Instructions for the task
Set down exactly the lines that run from the one containing "Chapli Kabab 2pc" to the end of the material below, both included, without pictures.

Exercise data
++++++++++
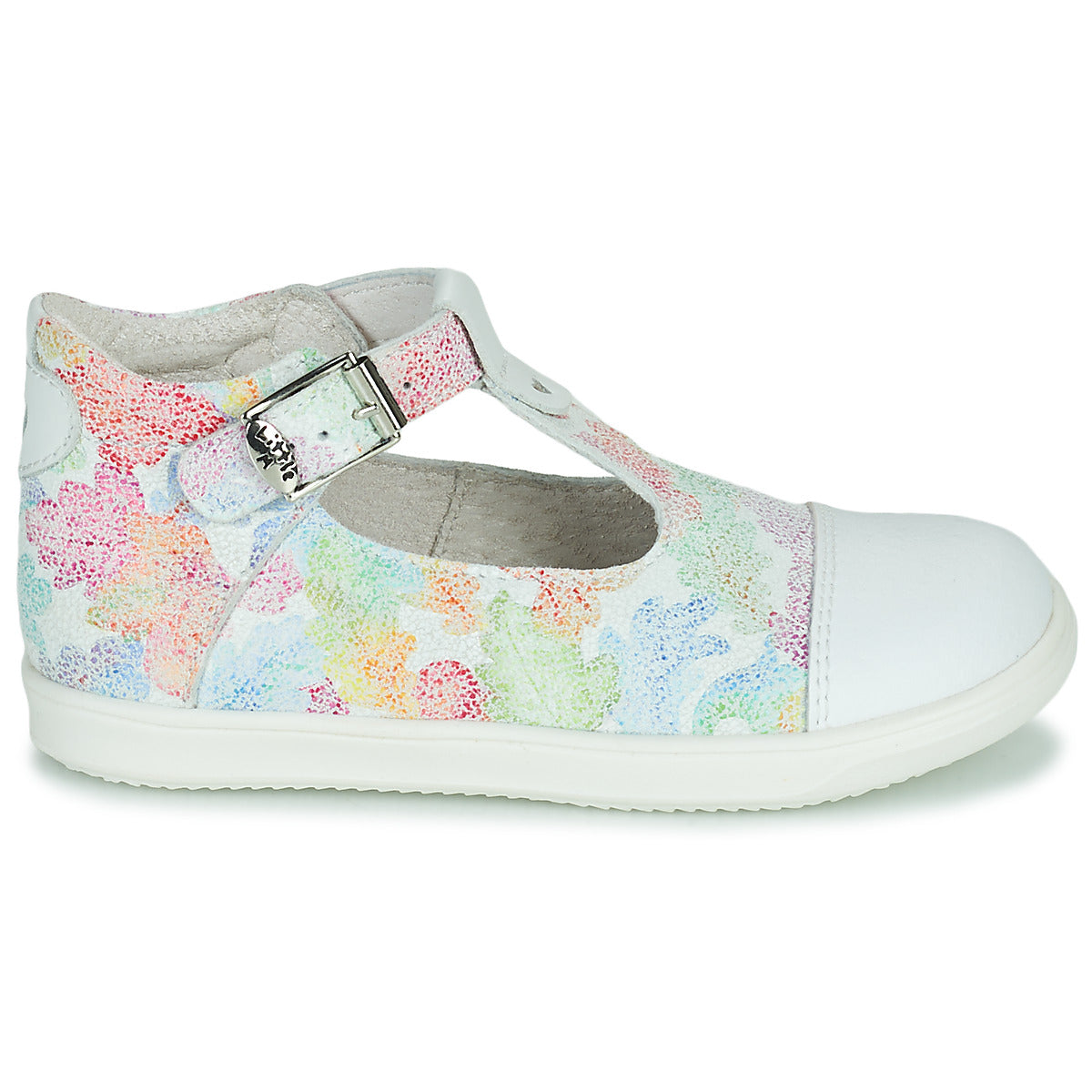 Ballerine bambina ragazza Little Mary  VALSEUSE  Bianco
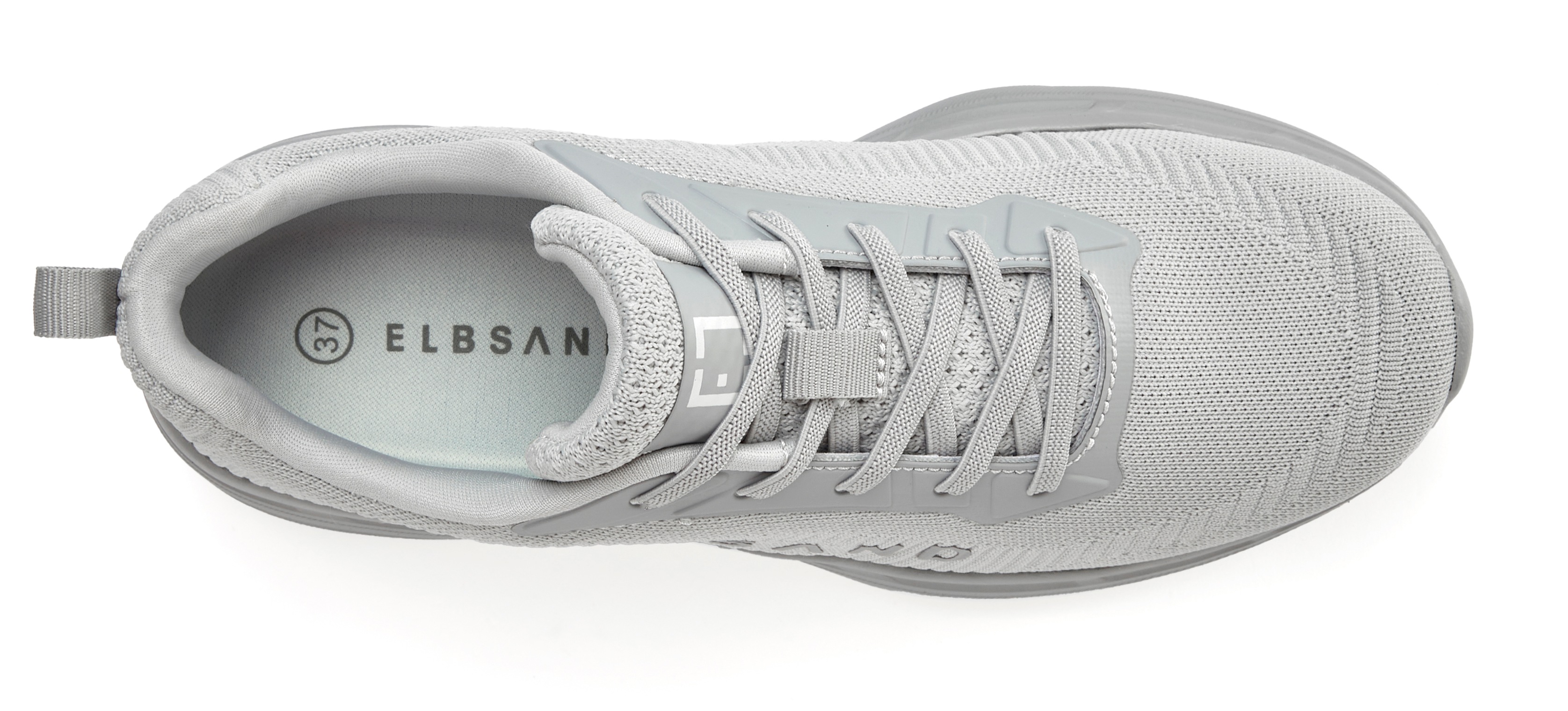 Thumbnail - Elbsand Sneaker "Freizeitschuh, Halbschuh", mit elastischen Bändern für schnelles Reinschlüpfen, Unisex VEGAN
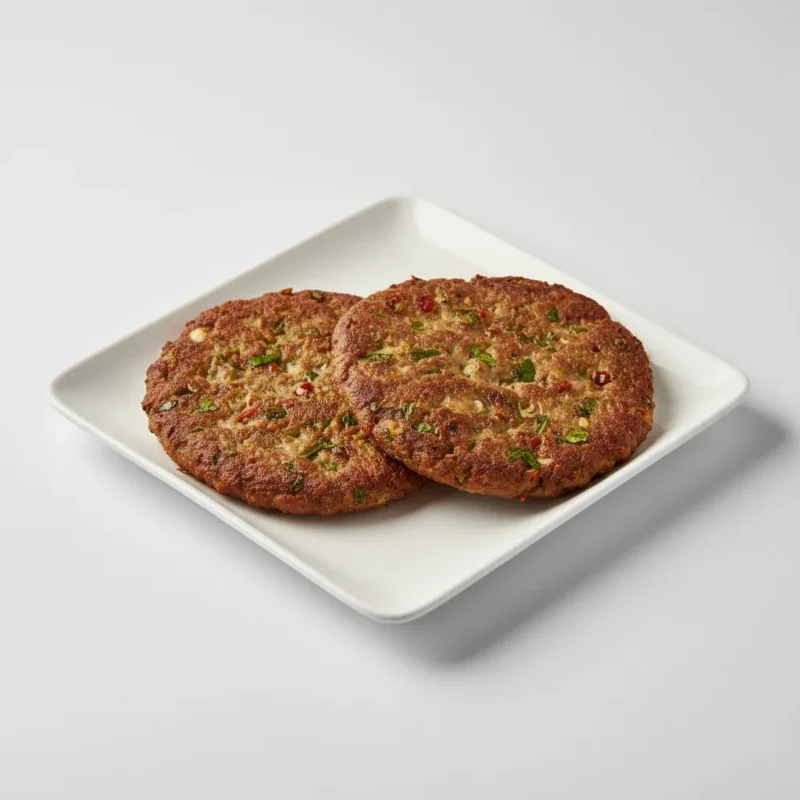 Chapli Kabab 2pc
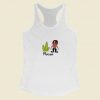 Grltee Travis Scott Rodeo Disney Cartoon Racerback Tank Top Style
++++++++++
Solved exercise
 Chapli Kabab 2pc
 Grltee Travis Scott Rodeo Disney Cartoon Racerback Tank Top Style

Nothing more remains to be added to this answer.